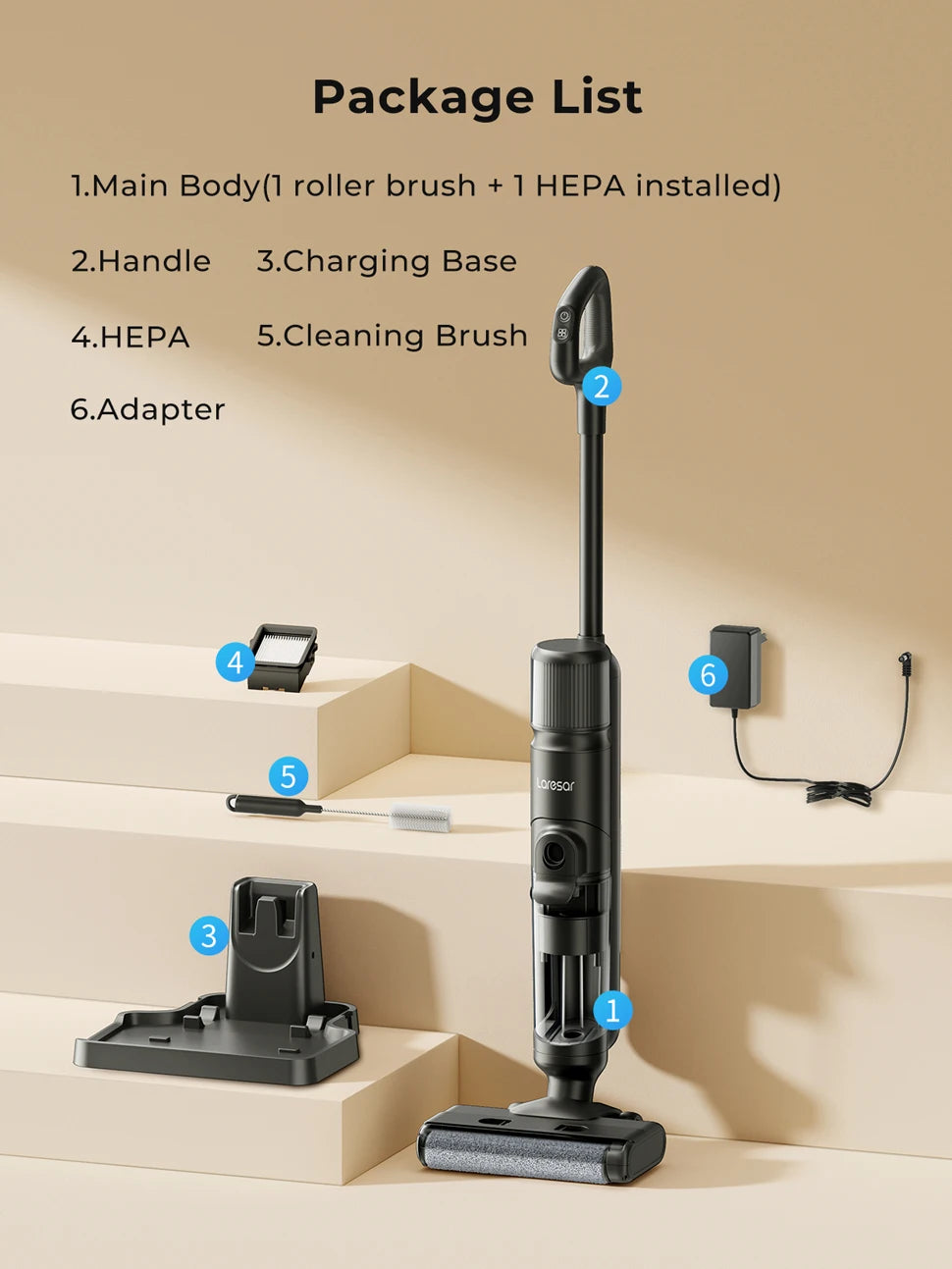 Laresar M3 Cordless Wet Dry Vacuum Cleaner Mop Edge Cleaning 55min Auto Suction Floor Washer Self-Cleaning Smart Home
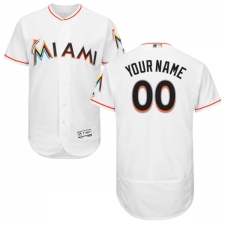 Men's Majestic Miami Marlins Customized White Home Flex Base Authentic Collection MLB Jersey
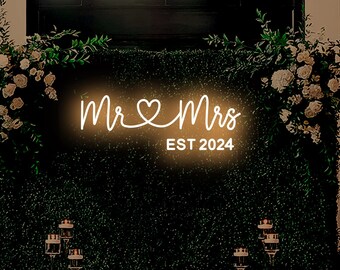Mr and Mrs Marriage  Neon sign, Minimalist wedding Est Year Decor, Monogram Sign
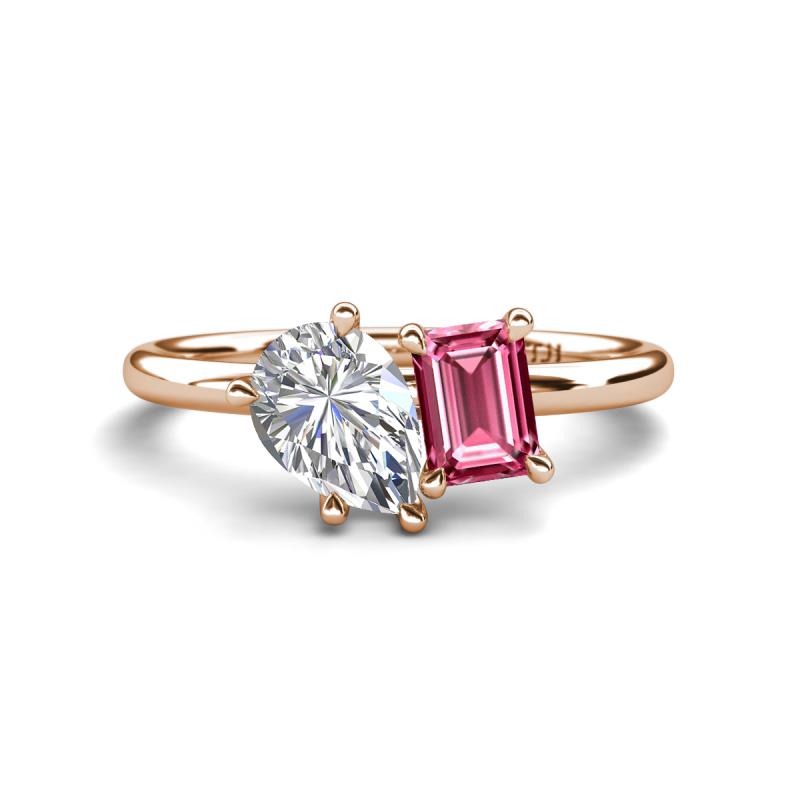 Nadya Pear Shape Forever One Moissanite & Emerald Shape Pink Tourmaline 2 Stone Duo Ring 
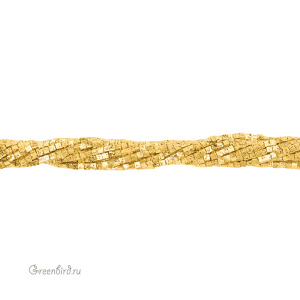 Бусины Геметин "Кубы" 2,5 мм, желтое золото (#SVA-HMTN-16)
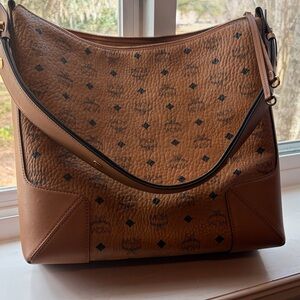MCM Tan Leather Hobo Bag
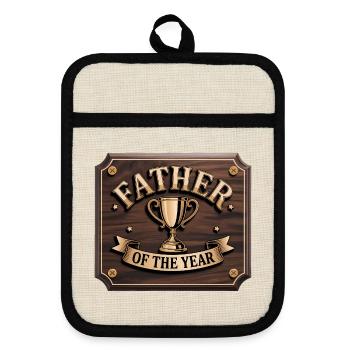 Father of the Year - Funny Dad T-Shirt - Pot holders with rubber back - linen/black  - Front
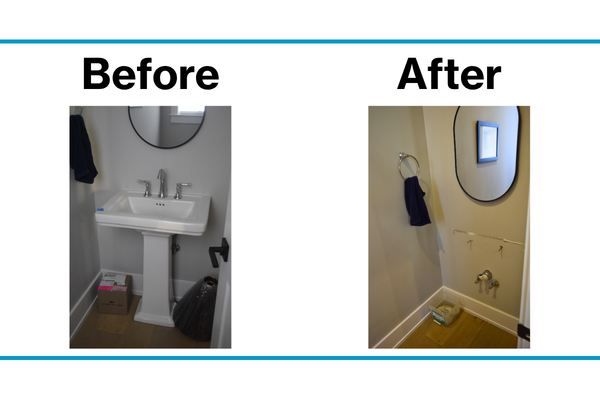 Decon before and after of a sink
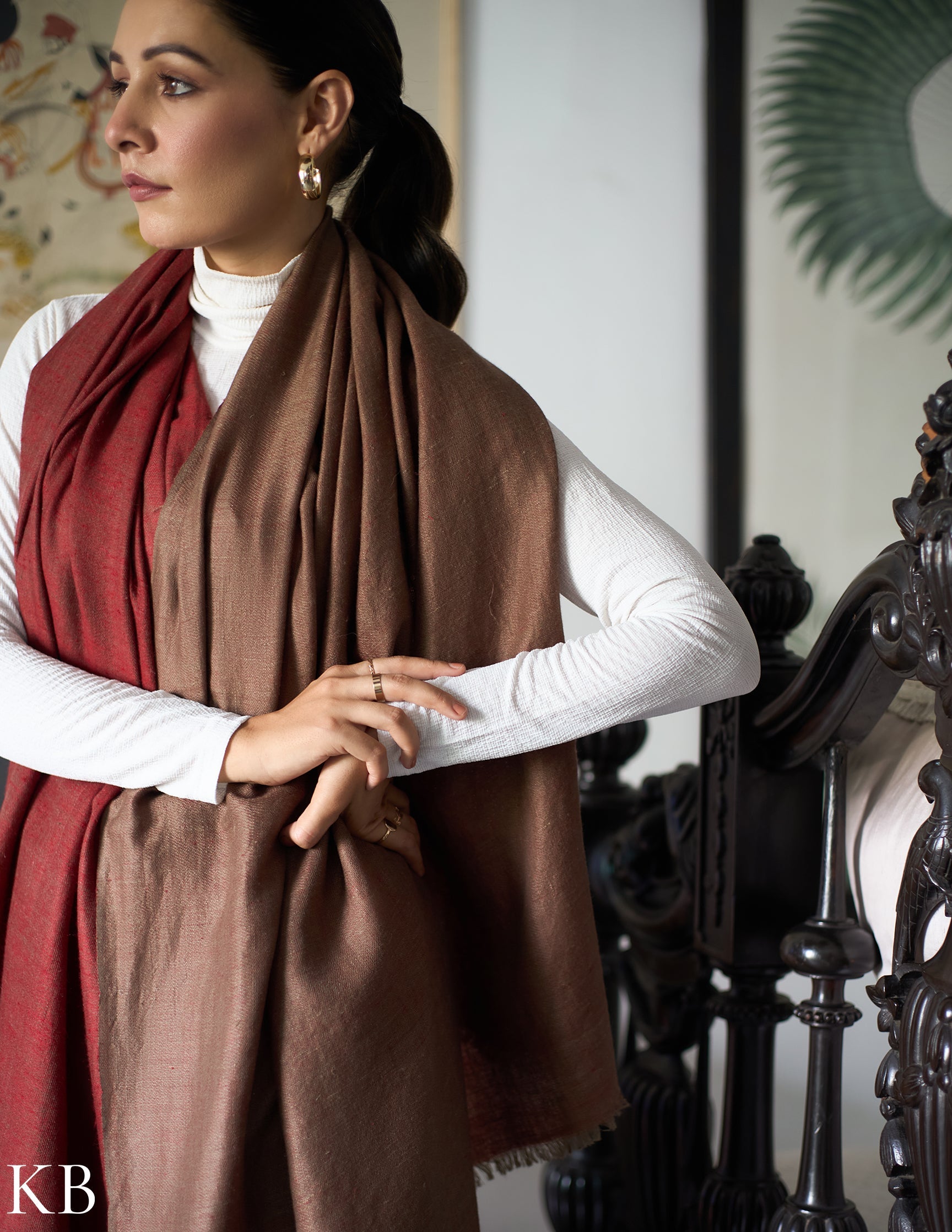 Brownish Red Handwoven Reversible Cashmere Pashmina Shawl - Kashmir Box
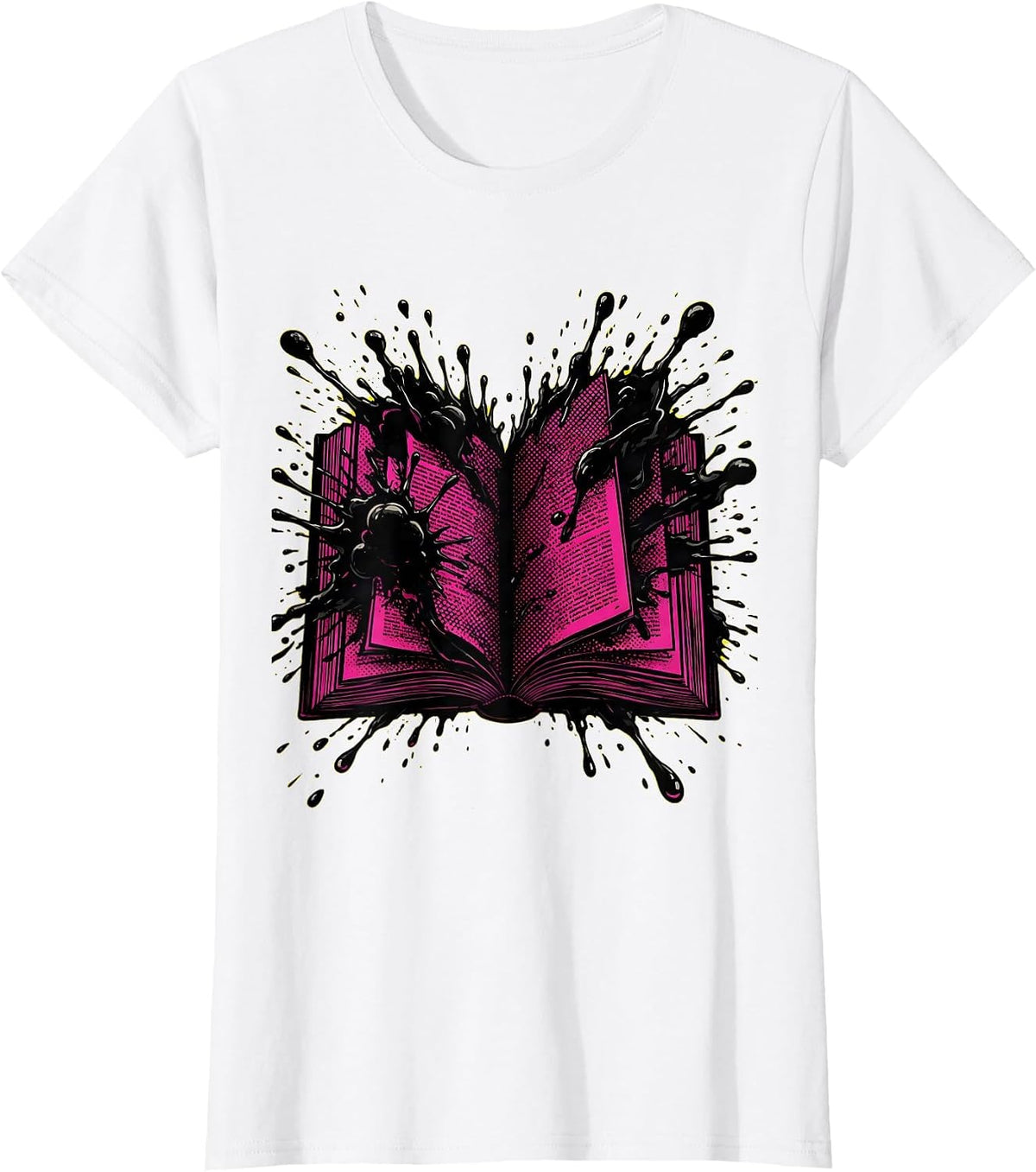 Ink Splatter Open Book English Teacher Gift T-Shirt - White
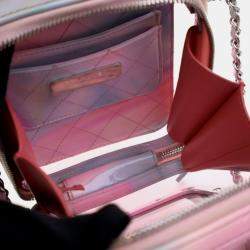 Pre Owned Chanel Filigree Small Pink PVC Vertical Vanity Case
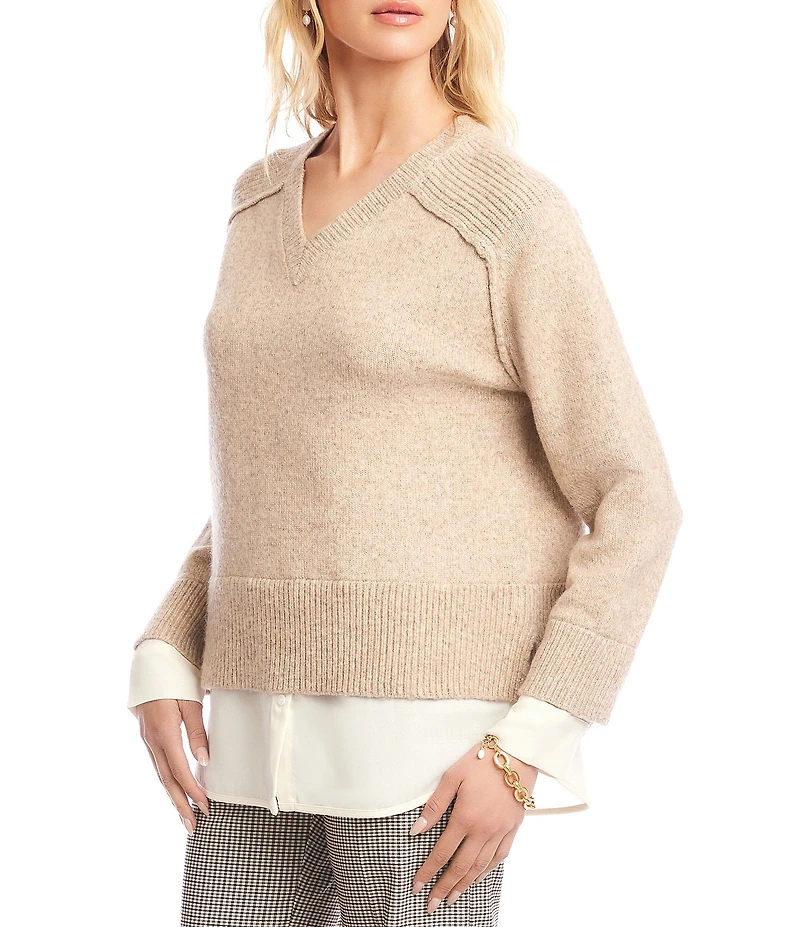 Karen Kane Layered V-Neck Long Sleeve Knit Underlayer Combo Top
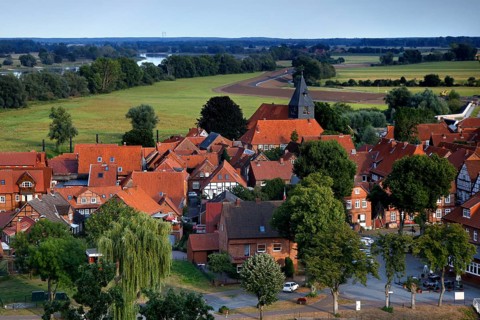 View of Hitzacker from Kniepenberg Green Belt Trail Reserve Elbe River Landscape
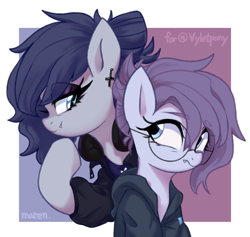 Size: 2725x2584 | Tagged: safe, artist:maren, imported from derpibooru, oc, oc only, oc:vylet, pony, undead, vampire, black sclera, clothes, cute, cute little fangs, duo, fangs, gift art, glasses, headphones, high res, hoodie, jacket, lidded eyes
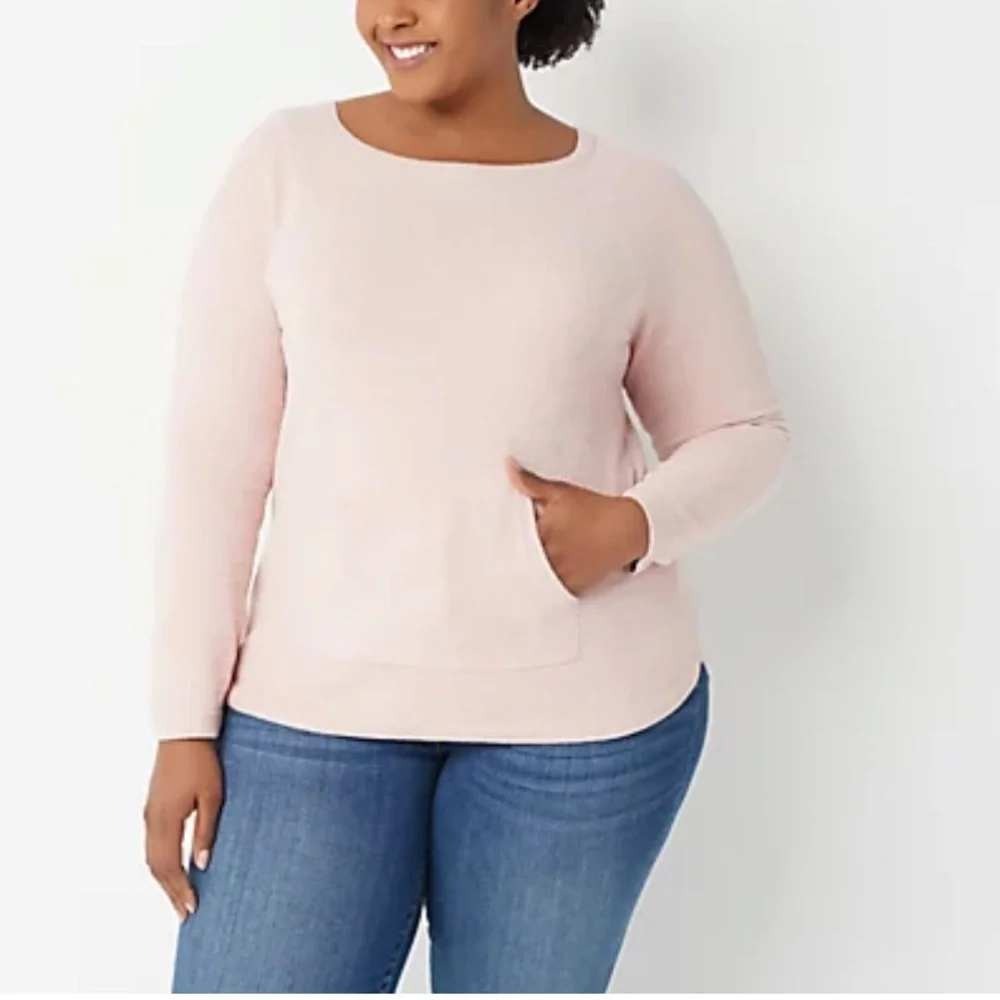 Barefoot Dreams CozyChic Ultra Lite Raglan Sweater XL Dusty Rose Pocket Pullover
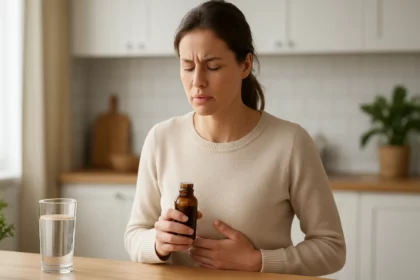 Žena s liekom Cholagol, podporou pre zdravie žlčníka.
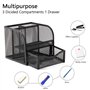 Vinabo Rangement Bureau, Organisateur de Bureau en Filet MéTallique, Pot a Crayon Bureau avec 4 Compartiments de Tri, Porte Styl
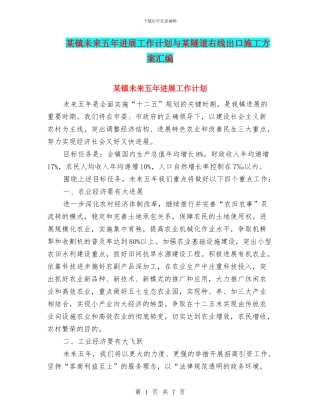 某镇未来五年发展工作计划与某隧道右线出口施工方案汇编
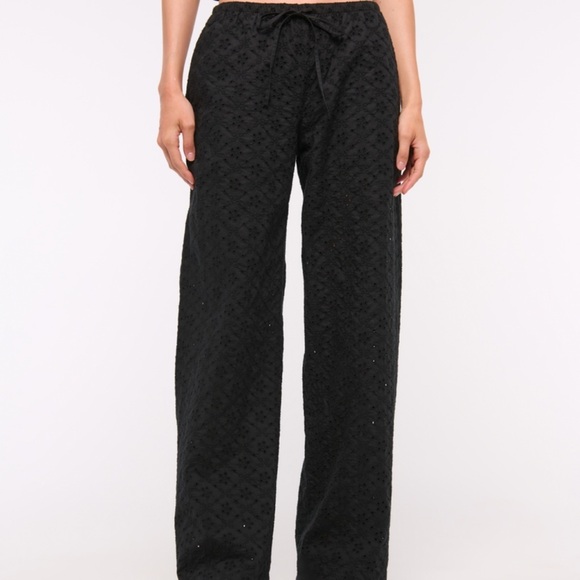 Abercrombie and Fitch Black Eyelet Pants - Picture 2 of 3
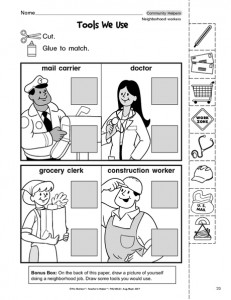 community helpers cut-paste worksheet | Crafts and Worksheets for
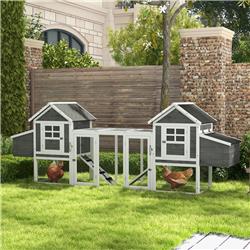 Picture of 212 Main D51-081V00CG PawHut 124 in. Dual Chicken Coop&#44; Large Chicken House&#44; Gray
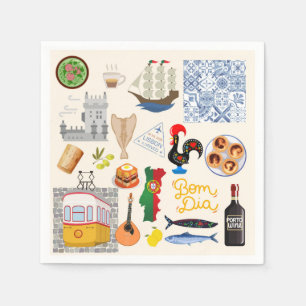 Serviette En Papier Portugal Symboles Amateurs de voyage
****************
AIM OF THE EXERCISE:
If a picture falls within the span, leave it out, and reproduce exactly the lines from the one containing "Ink Splatter Open" through the end of the material, and no others.

ANSWER AREA:
 Ink Splatter Open Book English Teacher Gift T-Shirt - White
 Pre Owned Chanel Filigree Small Pink PVC Vertical Vanity Case
 Karen Kane Layered V-Neck Long Sleeve Knit Underlayer Combo Top
 View of Hitzacker from Kniepenberg Green Belt Trail Reserve Elbe River Landscape
 Size: 2725x2584 | Tagged: safe, artist:maren, imported from derpibooru, oc, oc only, oc:vylet, pony, undead, vampire, black sclera, clothes, cute, cute little fangs, duo, fangs, gift art, glasses, headphones, high res, hoodie, jacket, lidded eyes
 Barefoot Dreams CozyChic Ultra Lite Raglan Sweater XL Dusty Rose Pocket Pullover
 Žena s liekom Cholagol, podporou pre zdravie žlčníka.
 Vinabo Rangement Bureau, Organisateur de Bureau en Filet MéTallique, Pot a Crayon Bureau avec 4 Compartiments de Tri, Porte Styl
 某镇未来五年发展工作计划与某隧道右线出口施工方案汇编
 Abercrombie and Fitch Black Eyelet Pants - Picture 2 of 3
 community helpers cut-paste worksheet | Crafts and Worksheets for
 Picture of 212 Main D51-081V00CG PawHut 124 in. Dual Chicken Coop&#44; Large Chicken House&#44; Gray
 Serviette En Papier Portugal Symboles Amateurs de voyage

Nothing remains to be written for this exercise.